WORK TO COMPLETE: In your copy, leave out the pictures and reproduce the listing below exactly.

---- COLLECTED MATERIAL

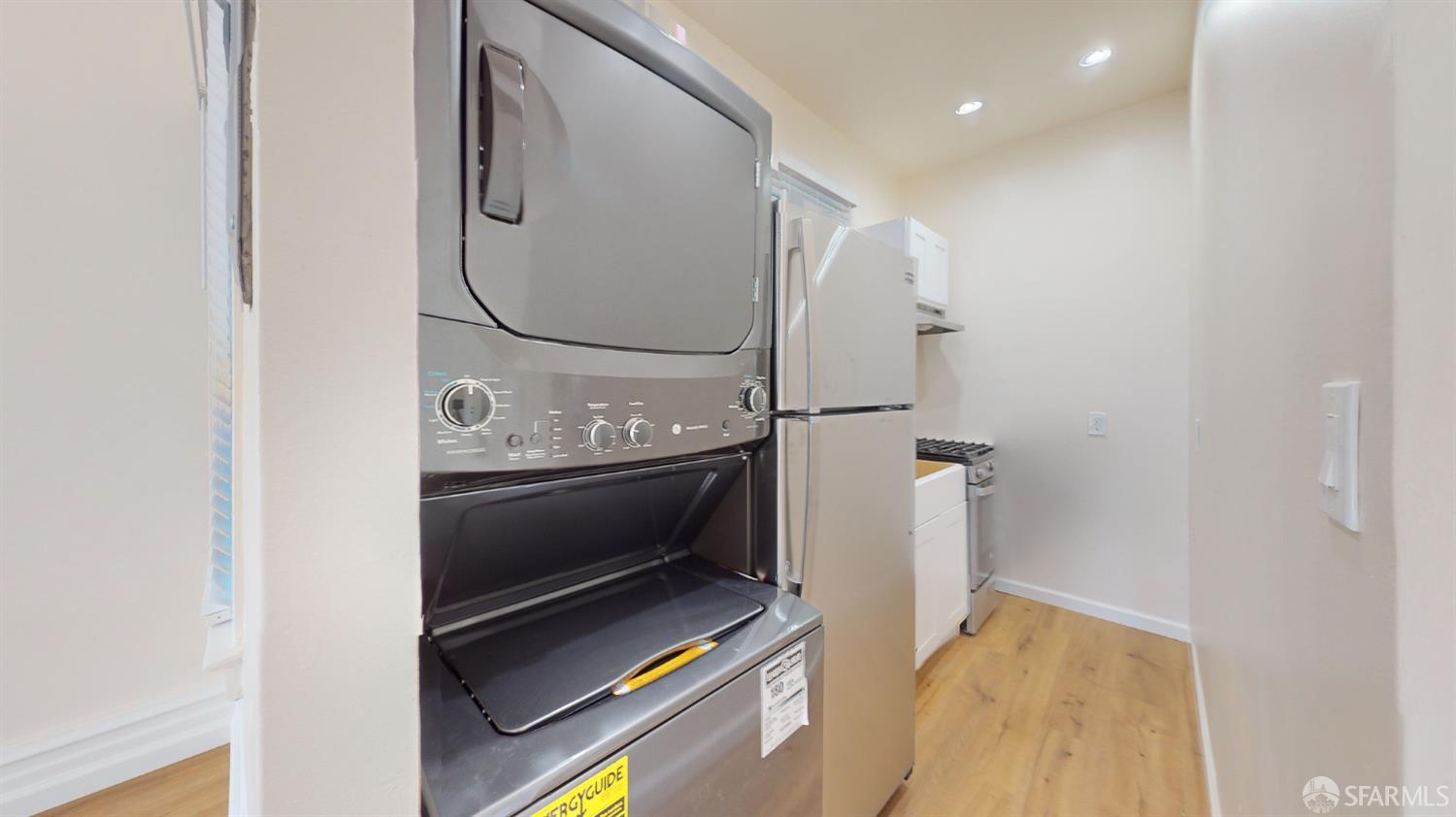 Detail Gallery Image 10 of 27 For 1520 Leavenworth St, San Francisco,  CA 94109 - – Beds | – Baths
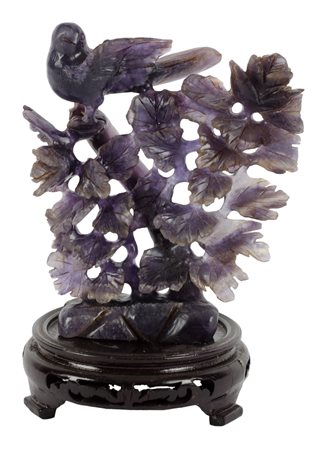 SCULTURA in ametista raffigurante "volatile su ramo", base in legno. Cina XX...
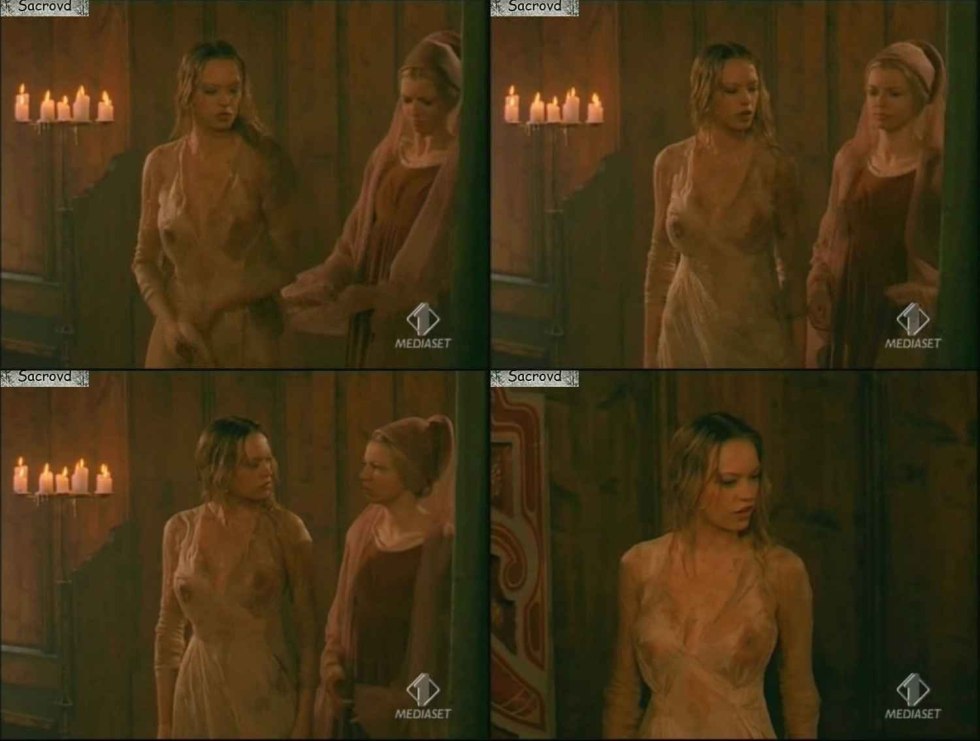 Naked actress Anna Tsukanova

--------

SOLUTION TO THIS TASK:
 Detail Gallery Image 10 of 27 For 1520 Leavenworth St, San Francisco,  CA 94109 - – Beds | – Baths
 SCULTURA in ametista raffigurante "volatile su ramo", base in legno. Cina XX...
 Naked actress Anna Tsukanova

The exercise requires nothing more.